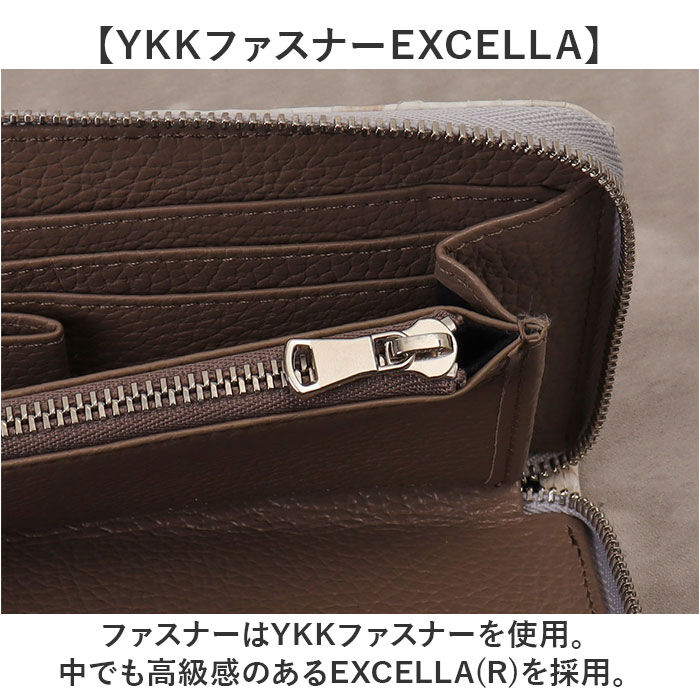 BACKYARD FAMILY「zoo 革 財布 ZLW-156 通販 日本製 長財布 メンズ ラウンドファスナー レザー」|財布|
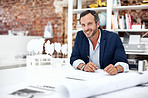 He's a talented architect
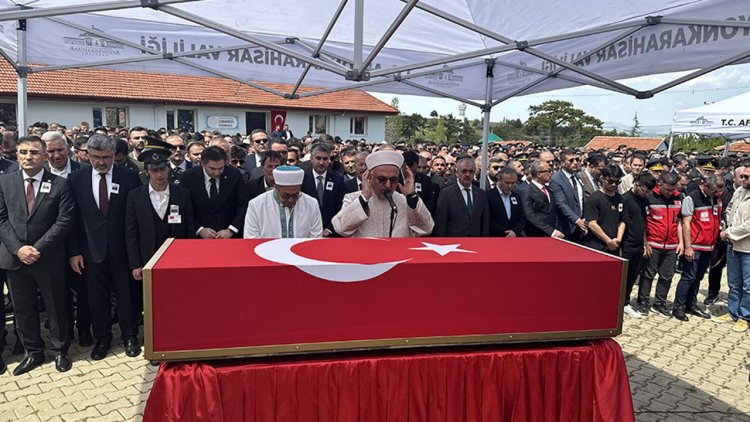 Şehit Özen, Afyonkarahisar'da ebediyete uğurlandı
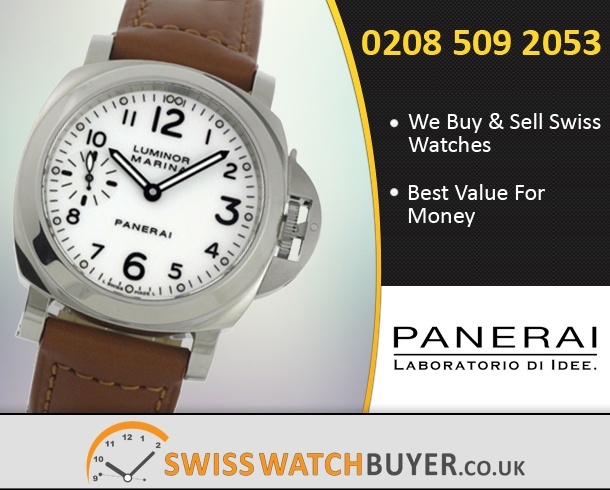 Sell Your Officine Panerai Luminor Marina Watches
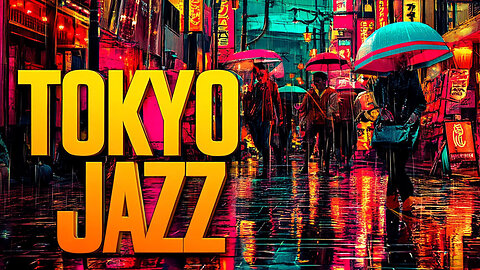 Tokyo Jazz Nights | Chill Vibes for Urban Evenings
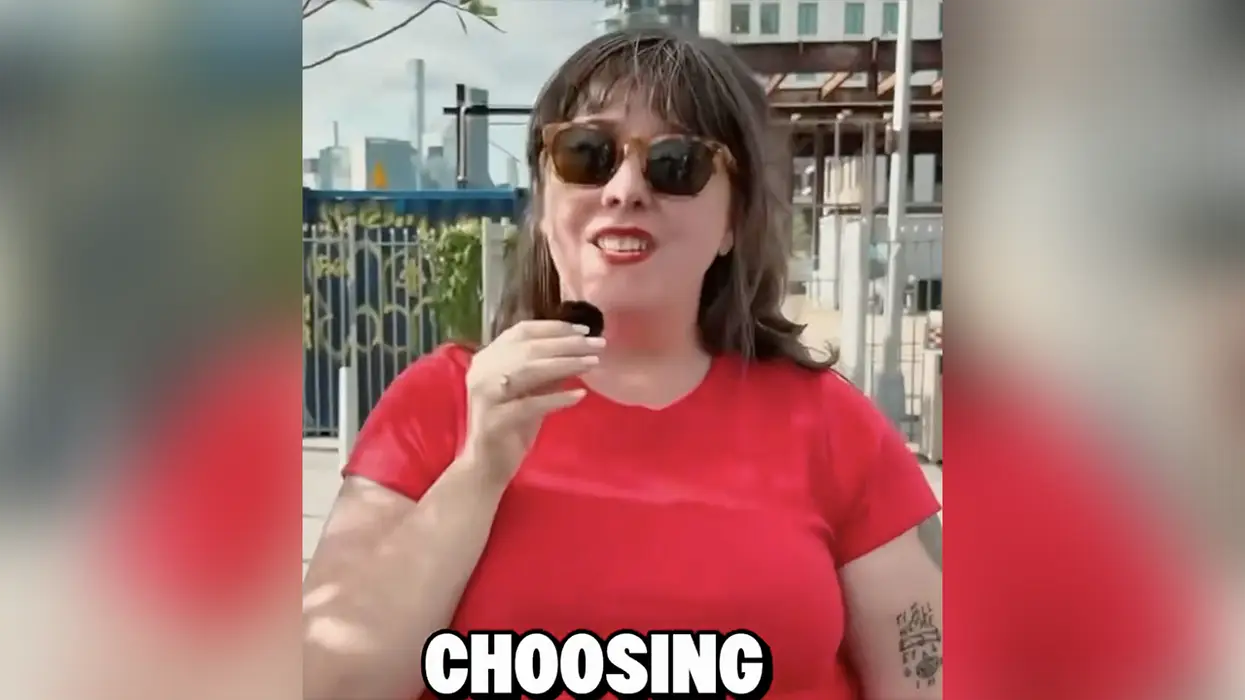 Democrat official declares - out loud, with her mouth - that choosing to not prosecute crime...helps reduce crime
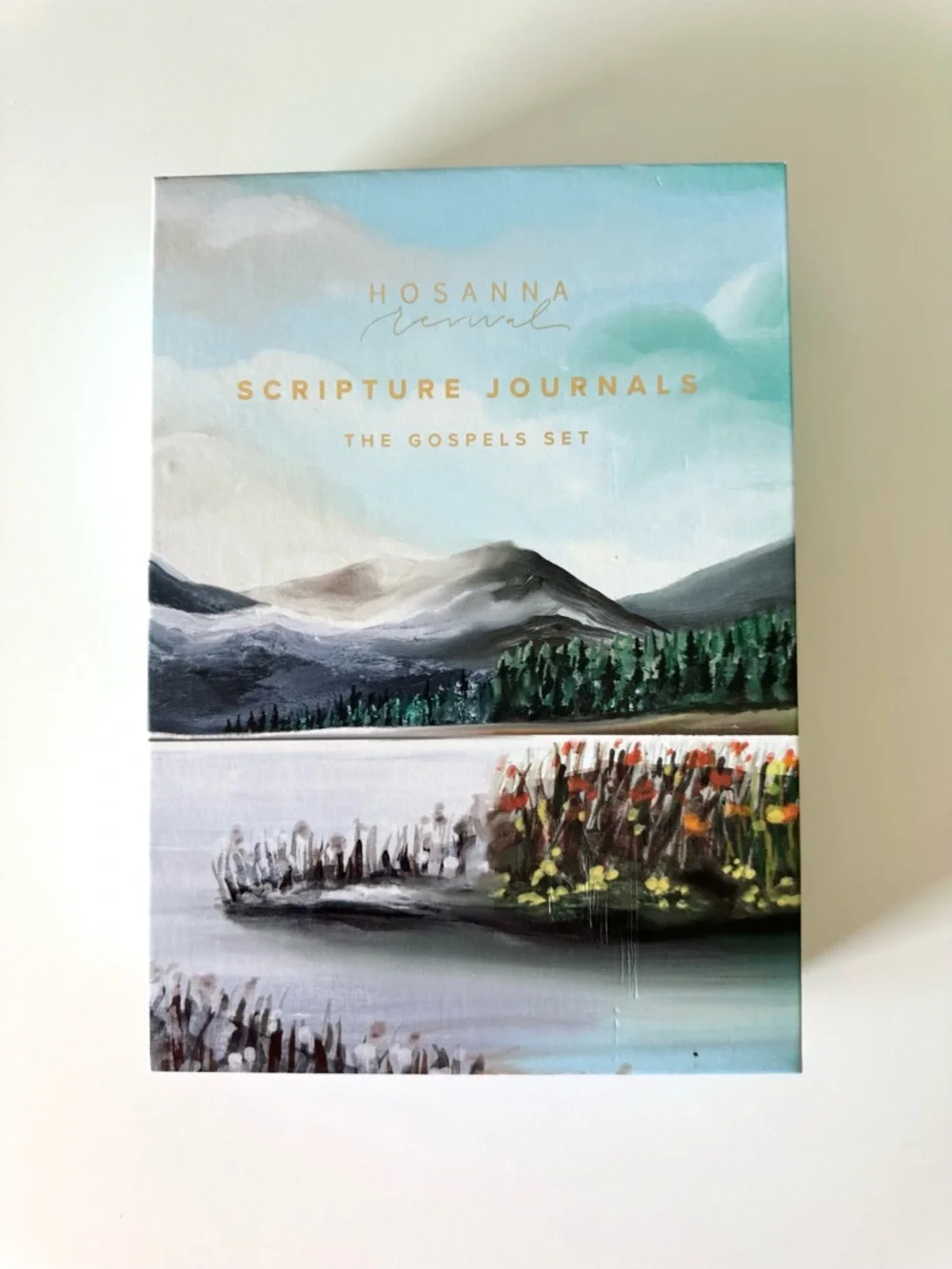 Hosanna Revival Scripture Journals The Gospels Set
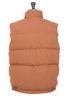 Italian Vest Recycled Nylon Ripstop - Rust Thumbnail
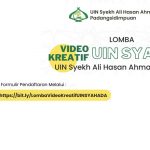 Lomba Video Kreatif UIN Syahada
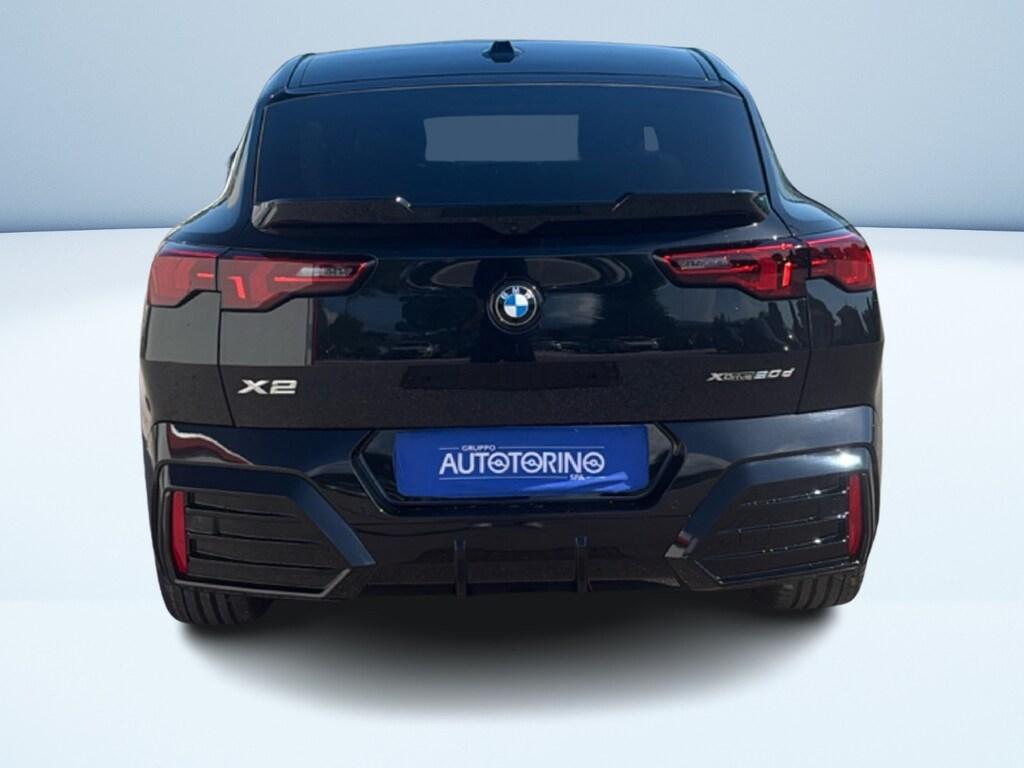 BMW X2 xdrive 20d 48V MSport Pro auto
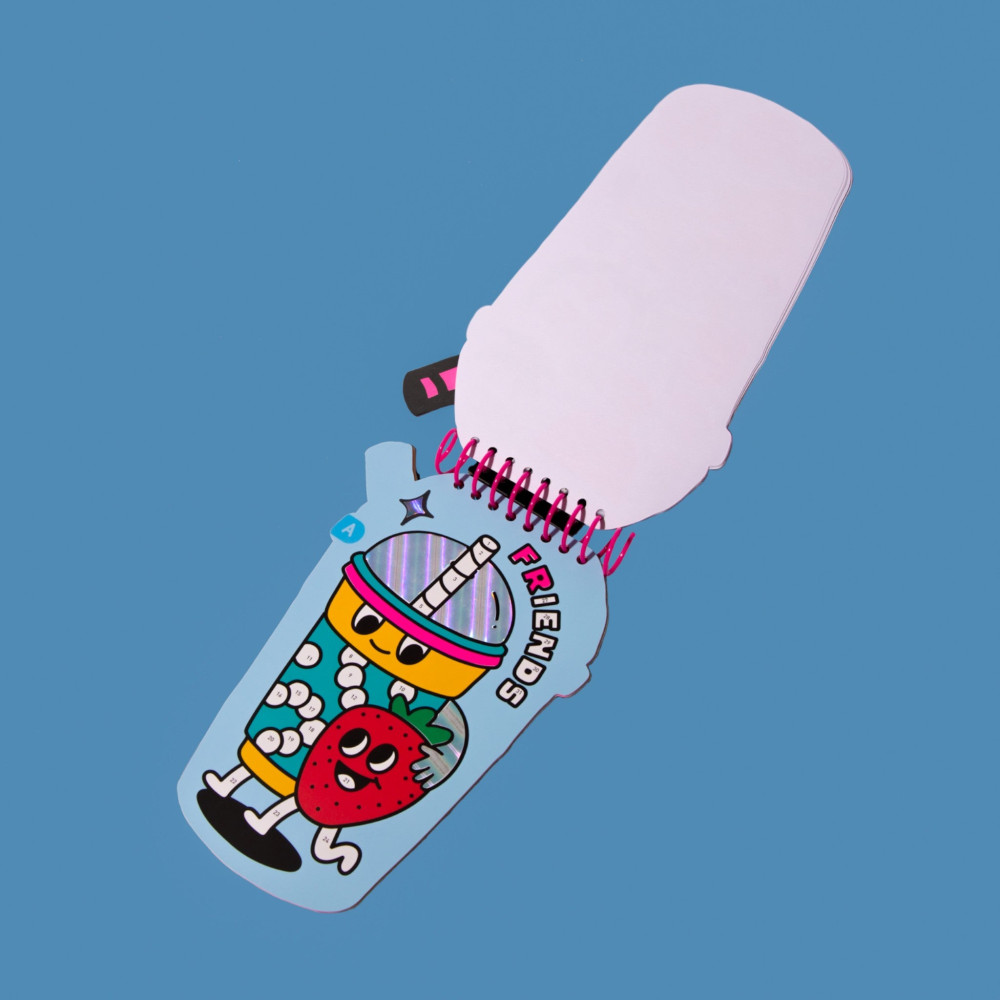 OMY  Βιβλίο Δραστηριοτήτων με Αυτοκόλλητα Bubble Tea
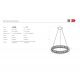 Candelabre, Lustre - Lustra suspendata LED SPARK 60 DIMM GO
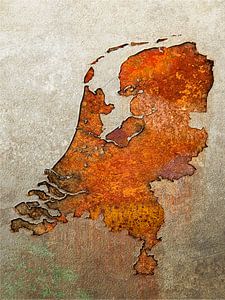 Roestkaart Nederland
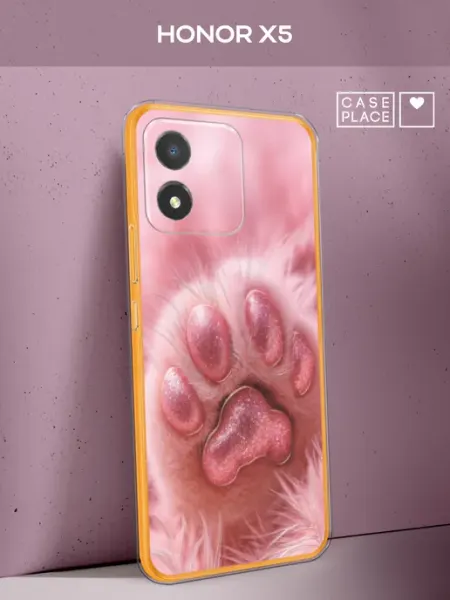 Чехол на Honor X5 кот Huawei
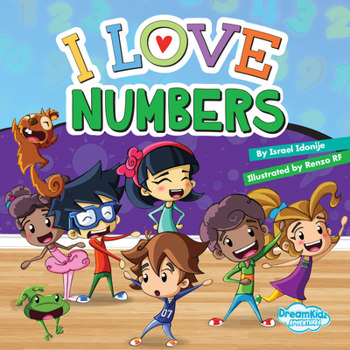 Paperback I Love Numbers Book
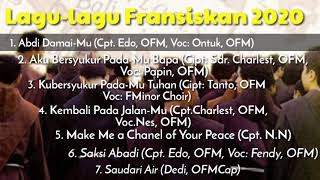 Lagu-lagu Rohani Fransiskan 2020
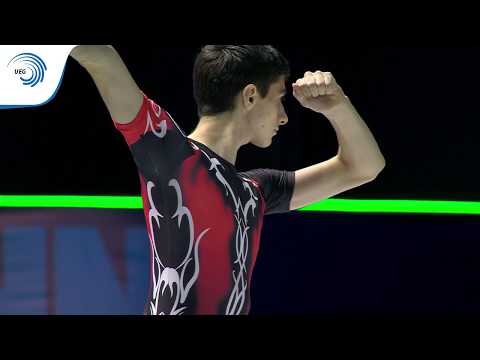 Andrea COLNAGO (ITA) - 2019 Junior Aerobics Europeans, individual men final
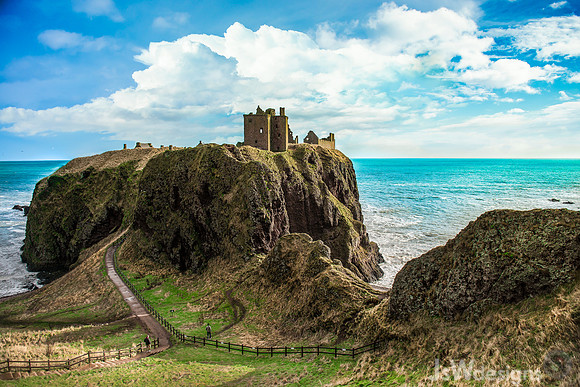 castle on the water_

**PROBLEM**
Before answering, find the line with "Tokyo Jazz Nights" in the records above; then reproduce exactly each line from the first through that line, leaving out pictures.

**SOLUTION**
 BACKYARD FAMILY「zoo 革 財布 ZLW-156 通販 日本製 長財布 メンズ ラウンドファスナー レザー」|財布|
 He's a talented architect
 Şehit Özen, Afyonkarahisar'da ebediyete uğurlandı
 Sell Your Officine Panerai Luminor Marina Watches
 Tokyo Jazz Nights | Chill Vibes for Urban Evenings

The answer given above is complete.